Gowers: The U.S. is a very important market for the FT, accounting for nearly one third of our total circulation. Of course, this is a small fraction of the Wall Street Journal's U.S. circulation, but we are not competing directly with them for the mass business audience.

Our target readership is the decision-making elite in organizations with a strong interest in the world -- both companies and government. And the readership we reach is of uniquely high quality, comprising a high proportion of chairman, chief executives and chief financial officers. Many of the high-ups on Wall Street and in large U.S. corporations tell me they read the FT first every morning for our concise, international perspective.

IWM: Do you see any differences in the British media market and the U.S. media market? For instance, are British news consumers more Web savvy than Americans?

Gowers: The British media market is extremely competitive -- in newspapers, if anything, quite a bit more competitive than the U.S. On the Web, U.S. consumers are far more savvy, and Internet media consumption is exploding -- but the Brits are coming along behind.

IWM: You said recently that the FT.com "is now sustainably profitable." Is the Web important to the future of the Financial Times?

Gowers: It is not only important -- it is a vital part of our present and an even more vital part of our future. Already we reach more readers with our material through FT.com than have ever bought the FT in print; we have growing online subscriptions; and our online advertising revenues are our fastest growing advertising category by far.

Of course, print will remain important to us for the foreseeable future, but the biggest growth is going to be online, and the challenge for us is to make the most of that opportunity worldwide.

IWM: Many of the articles on FT.com are behind a paid subscription wall.
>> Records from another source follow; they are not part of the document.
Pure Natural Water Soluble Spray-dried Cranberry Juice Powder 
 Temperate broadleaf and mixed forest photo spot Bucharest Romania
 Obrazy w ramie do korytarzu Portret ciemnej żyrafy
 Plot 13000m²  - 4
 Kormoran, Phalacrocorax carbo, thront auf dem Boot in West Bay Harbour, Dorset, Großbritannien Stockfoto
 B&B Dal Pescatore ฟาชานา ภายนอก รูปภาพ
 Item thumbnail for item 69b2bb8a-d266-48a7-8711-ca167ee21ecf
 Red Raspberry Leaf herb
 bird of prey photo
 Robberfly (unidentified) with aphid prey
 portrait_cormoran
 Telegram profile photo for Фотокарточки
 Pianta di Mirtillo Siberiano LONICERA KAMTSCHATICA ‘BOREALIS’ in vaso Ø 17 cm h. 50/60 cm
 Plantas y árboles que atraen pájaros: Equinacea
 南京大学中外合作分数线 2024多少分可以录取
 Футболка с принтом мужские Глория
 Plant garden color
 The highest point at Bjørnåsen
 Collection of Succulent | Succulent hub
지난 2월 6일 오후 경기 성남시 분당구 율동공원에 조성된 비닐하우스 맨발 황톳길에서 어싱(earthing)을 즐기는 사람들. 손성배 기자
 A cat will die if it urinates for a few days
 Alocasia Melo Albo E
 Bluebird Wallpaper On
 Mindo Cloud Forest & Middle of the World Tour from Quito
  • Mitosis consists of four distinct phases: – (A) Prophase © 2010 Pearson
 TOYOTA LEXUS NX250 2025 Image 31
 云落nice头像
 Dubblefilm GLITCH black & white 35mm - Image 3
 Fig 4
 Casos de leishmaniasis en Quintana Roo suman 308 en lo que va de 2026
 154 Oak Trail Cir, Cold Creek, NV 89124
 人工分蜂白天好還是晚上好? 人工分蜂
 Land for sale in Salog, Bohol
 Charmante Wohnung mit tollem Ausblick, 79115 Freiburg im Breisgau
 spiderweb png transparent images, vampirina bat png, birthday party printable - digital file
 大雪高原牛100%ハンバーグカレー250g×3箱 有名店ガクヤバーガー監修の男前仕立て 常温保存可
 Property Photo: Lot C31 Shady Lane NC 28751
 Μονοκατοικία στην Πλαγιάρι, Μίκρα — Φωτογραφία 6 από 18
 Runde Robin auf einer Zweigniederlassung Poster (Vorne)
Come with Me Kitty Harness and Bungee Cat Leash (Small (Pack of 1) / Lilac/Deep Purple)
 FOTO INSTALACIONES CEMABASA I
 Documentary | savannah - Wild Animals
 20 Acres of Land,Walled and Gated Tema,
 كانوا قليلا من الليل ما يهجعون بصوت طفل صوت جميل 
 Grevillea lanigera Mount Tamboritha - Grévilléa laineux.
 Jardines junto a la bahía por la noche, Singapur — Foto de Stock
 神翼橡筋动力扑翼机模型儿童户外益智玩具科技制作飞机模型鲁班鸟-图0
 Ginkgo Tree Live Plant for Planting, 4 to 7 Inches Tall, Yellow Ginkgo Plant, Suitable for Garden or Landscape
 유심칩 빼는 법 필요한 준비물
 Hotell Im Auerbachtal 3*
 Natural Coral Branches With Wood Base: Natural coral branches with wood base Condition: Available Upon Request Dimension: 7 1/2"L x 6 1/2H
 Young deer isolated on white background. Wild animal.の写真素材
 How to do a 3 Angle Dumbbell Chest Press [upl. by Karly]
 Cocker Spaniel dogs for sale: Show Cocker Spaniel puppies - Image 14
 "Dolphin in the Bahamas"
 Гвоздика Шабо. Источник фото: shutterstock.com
Do you foresee any changes in your online business model?

Gowers: To be honest, this is an area of rapid change, and I would not rule out the possibility that our whole business model will be completely different in a few years' time from what it is now.

I certainly don't think we've reached the end-point in our online evolution: more likely, we're just at the start. And I fully expect us to experiment with a host of different pricing approaches in the future.

IWM: What is your opinion of blogging?

Gowers: I think it is both a fad and something of great potential significance. The faddish part is the idea that everybody can be a blogger, and that this will somehow supplant journalism. That's clearly nonsense, and the vast majority of "Daily Me" blogs are like a vast, overheated Internet chat room.

But there are some things of great value out there in the blogosphere, and the growth of blogs has brought into vivid relief the true interactive potential of the Web.

IWM: Younger consumers are said to be abandoning traditional newspapers for alternate news sources. Are newspapers in danger of becoming irrelevant?

Gowers: I don't believe so -- but I do believe newspapers have to change. They have to focus on what they're good at -- summarizing, prioritizing, analyzing and reflecting on the news, providing unique and unexpected insights, and also using the Web as a real-time companion.

IWM: Are more of your readers moving online? Could the paper version of the FT completely disappear one day?

Gowers: Yes, more readers are going online all the time, and we welcome that. Does it mean that print will disappear? I doubt it -- at least in my lifetime. But I'm middle-aged, and I'd never say never.